[[ Source data, beginning ]]
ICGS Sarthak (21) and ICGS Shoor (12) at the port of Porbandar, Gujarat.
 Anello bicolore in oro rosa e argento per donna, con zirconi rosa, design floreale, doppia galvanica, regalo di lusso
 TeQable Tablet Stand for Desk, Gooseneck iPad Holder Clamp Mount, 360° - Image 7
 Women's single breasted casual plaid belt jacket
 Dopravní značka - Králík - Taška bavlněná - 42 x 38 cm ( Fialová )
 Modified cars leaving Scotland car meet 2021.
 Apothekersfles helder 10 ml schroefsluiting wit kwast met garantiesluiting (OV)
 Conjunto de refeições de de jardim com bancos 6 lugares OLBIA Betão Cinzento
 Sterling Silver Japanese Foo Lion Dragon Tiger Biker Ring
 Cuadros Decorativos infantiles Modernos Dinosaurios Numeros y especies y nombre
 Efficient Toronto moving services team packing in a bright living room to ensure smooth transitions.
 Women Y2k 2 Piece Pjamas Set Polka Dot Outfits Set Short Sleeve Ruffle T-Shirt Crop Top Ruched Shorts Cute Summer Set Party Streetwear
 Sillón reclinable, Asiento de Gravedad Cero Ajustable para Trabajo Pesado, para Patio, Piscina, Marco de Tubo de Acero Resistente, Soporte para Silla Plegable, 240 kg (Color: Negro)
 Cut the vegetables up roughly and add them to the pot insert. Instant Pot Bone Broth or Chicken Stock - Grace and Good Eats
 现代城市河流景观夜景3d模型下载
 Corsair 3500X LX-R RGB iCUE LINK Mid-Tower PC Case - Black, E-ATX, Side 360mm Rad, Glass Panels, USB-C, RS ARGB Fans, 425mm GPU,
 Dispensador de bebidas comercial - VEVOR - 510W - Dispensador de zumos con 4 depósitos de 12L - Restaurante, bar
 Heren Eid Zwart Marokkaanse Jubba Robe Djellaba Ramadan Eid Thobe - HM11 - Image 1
[[ Source data, end ]]
• [Try it]: Above are some records; copy each line there that contains "Image".

• [Your response]:
 TeQable Tablet Stand for Desk, Gooseneck iPad Holder Clamp Mount, 360° - Image 7
 Heren Eid Zwart Marokkaanse Jubba Robe Djellaba Ramadan Eid Thobe - HM11 - Image 1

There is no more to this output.